Work item>
The data is to be repeated exactly, with the images removed.

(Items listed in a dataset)
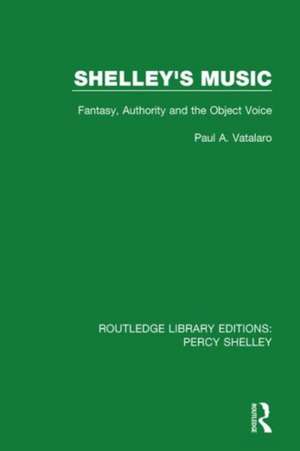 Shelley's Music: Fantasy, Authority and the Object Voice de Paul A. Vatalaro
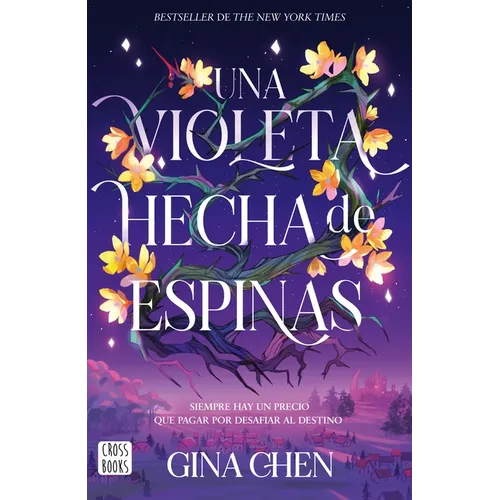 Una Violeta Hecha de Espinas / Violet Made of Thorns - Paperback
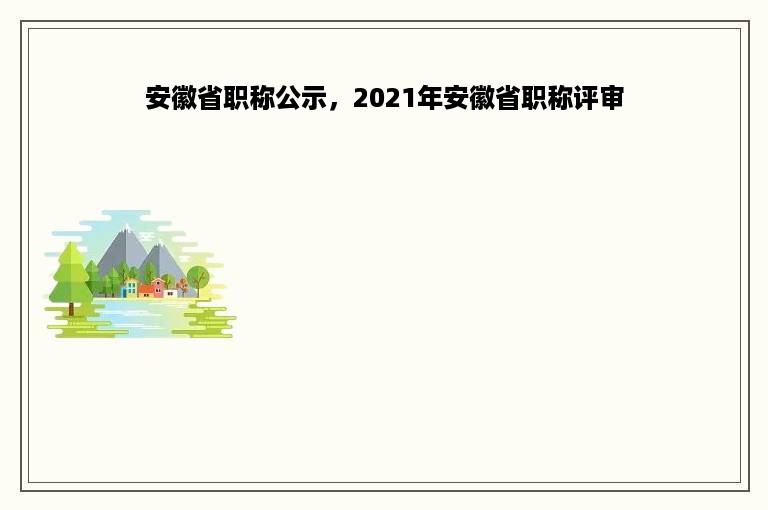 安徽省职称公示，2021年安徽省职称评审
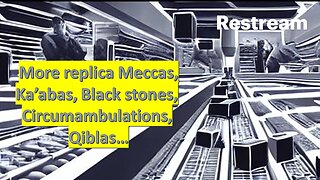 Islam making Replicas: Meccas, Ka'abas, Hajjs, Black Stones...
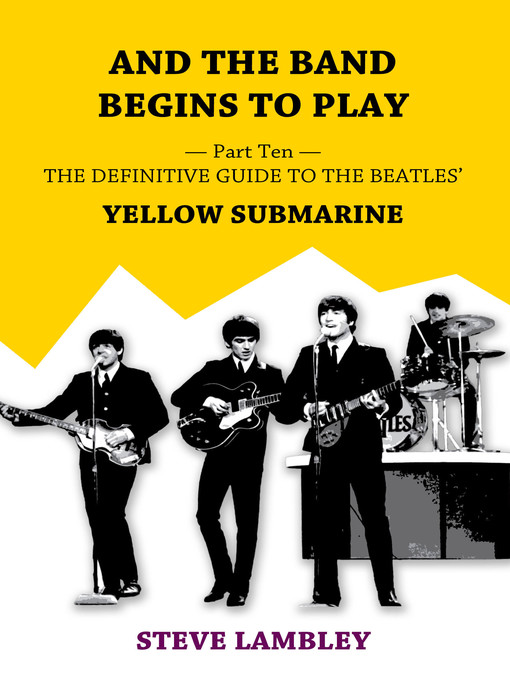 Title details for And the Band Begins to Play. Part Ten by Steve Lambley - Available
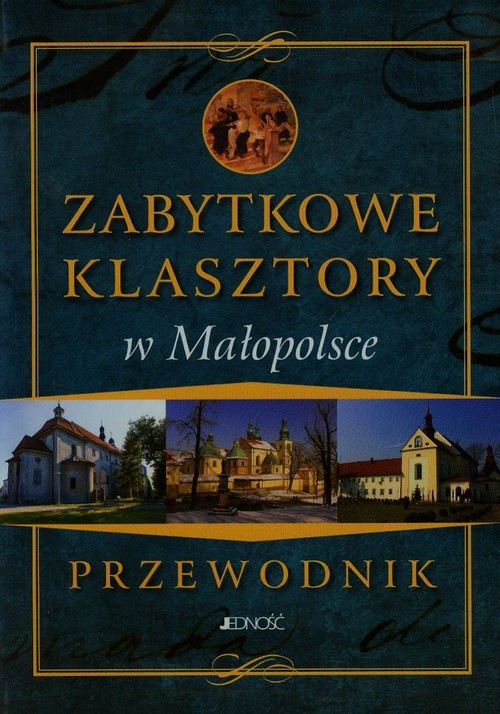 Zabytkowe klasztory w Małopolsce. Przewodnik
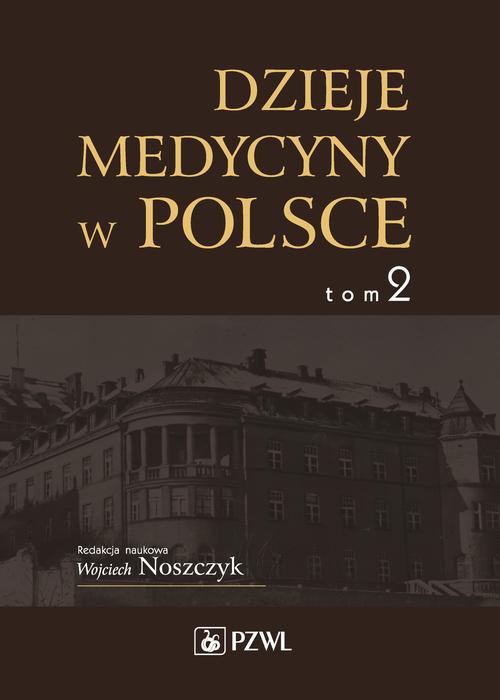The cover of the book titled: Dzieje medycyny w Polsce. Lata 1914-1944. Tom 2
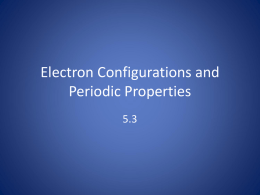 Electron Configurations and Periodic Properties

Reply to the exercise>
 Shelley's Music: Fantasy, Authority and the Object Voice de Paul A. Vatalaro
 Una Violeta Hecha de Espinas / Violet Made of Thorns - Paperback
 安徽省职称公示，2021年安徽省职称评审
 Islam making Replicas: Meccas, Ka'abas, Hajjs, Black Stones...
 Title details for And the Band Begins to Play. Part Ten by Steve Lambley - Available
 Zabytkowe klasztory w Małopolsce. Przewodnik
The cover of the book titled: Dzieje medycyny w Polsce. Lata 1914-1944. Tom 2
 Electron Configurations and Periodic Properties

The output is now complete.